■ **YOUR GOAL**
From the records below, output exactly the lines running from the line containing "喫茶店　ノーベル　食品サンプル" through the line containing "Line file missing", and no others.

■ **AVAILABLE DATA**
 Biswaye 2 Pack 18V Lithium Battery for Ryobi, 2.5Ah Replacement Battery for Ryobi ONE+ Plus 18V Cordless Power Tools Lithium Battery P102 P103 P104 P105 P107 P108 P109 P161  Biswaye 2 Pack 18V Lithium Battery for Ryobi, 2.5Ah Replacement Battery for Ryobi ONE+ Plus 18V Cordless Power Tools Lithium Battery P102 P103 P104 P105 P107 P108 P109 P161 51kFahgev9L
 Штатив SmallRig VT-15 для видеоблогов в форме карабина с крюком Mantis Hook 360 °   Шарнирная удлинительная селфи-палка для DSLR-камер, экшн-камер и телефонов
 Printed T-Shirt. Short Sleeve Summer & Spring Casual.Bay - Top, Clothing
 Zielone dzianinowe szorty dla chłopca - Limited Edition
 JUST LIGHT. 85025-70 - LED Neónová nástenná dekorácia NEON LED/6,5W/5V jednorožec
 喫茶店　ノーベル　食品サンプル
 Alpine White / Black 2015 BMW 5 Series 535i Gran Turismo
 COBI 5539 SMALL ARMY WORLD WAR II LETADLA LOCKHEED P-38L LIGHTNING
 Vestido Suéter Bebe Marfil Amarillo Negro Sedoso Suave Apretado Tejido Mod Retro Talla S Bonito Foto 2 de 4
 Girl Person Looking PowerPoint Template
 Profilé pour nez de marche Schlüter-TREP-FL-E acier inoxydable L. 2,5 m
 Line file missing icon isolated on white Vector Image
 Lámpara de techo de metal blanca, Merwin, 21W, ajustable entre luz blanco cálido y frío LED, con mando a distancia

■ **RESULT FOR THIS EXERCISE**
 喫茶店　ノーベル　食品サンプル
 Alpine White / Black 2015 BMW 5 Series 535i Gran Turismo
 COBI 5539 SMALL ARMY WORLD WAR II LETADLA LOCKHEED P-38L LIGHTNING
 Vestido Suéter Bebe Marfil Amarillo Negro Sedoso Suave Apretado Tejido Mod Retro Talla S Bonito Foto 2 de 4
 Girl Person Looking PowerPoint Template
 Profilé pour nez de marche Schlüter-TREP-FL-E acier inoxydable L. 2,5 m
 Line file missing icon isolated on white Vector Image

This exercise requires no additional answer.